4. Investors underappreciate Amazon’s logistics
We believe many investors still underappreciate Amazon’s logistics business.
It has massive hidden scale. In 2019, according to Morgan Stanley, Amazon Logistics shipped over 40% of Amazon’s US volume – more than 2 billion packages. That places Amazon Logistics third in the private sector. behind FedEx’s 3 billion packages and UPS’s 4.7 billion.
But this volume was achieved with just one-fifth the fleet size of its largest competitors.
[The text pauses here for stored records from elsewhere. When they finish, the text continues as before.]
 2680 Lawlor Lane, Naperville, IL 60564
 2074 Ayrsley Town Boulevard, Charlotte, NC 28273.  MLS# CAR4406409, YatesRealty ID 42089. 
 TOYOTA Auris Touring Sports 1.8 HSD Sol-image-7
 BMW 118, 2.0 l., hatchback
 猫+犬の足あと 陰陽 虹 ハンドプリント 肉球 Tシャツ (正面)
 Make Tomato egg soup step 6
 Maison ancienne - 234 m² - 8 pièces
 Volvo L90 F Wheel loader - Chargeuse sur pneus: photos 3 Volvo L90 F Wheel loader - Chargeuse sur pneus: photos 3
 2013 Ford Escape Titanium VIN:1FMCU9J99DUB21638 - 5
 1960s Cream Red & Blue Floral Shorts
That indicates a far more efficient network, with greater density and thus lower costs – important as shipping costs are Amazon’s largest expense item.
Amazon is already investing in the next logical step: expanding Amazon Logistics into a revenue-generating third-party logistics provider for non-Amazon sellers.
5. AWS remains the leader in an increasingly two-horse race
AWS is the world’s largest cloud Infrastructure-as-a-Service (IaaS) provider, generating $45 billion revenue in 2020, with a 30% year-on-year growth rate and 30% operating margin.
But the latest battleground between cloud infrastructure and platform providers is the enterprise market, where customers have more specific customization requirements, require more handholding and sales cycles are longer.
Microsoft Azure, the world’s second largest cloud IaaS and PaaS provider, has a natural advantage in this market because of its existing relationships with enterprise customers and the extensive lock-in of Microsoft’s software solutions at the enterprise level.
We estimate Azure is still some way behind AWS with around $26 billion revenue in 2020, though growing faster at 50% year-on-year (Microsoft does not disclose Azure revenues separately).
But since 2019, AWS has started to address the enterprise opportunity by ramping up its enterprise sales force, moving into industry verticals, and offering more hybrid cloud solutions.
What gives us comfort that AWS can meet the challenge from Microsoft’s Azure is the fact that Andy Jassy, the CEO of AWS, will take the helm at Amazon when Jeff Bezos retires as CEO in July 2021. We believe this promotion elevates AWS and the cloud opportunity to the highest priority within Amazon, which is unsurprising considering Jassy believes only 5% of global IT spend is currently in the cloud.
Our conviction is further reinforced by the recent announcement of Adam Selipsky as the next AWS CEO. Selipsky is an 11-year veteran of AWS as head of Sales, Marketing and Support, before leaving Amazon in 2016 to run Tableau. In his three years as Tableau CEO (acquired by Salesforce in 2019), the value of the company quadrupled, giving us confidence in Selipsky’s ability to efficiently allocate capital, sell to enterprise and lead a cloud transition.
Amazon’s potential upside far outweighs the downside
As we’ve seen above, it is becoming increasingly irresponsible to stigmatise Amazon as an online retailer that cannot sustain a profit and needs to be subsidised by AWS. All evidence suggests otherwise.
We struggle to picture a scenario where Amazon is worth materially less than it is today. Even if an adverse and highly unlikely antitrust outcome requires Amazon to separate its two core businesses, that may perversely (or fortuitously?) increase shareholder value by finally unlocking any conglomerate discount and showing the world once and for all that both Amazon retail and AWS can stand, run and thrive on their own two feet.
Indeed, we believe the risk-reward of owning Amazon today may still be as high as 4-to-1 and expect the stock to remain a core position in the Montaka portfolios over the long term.
Montaka owns shares in Amazon & Microsoft.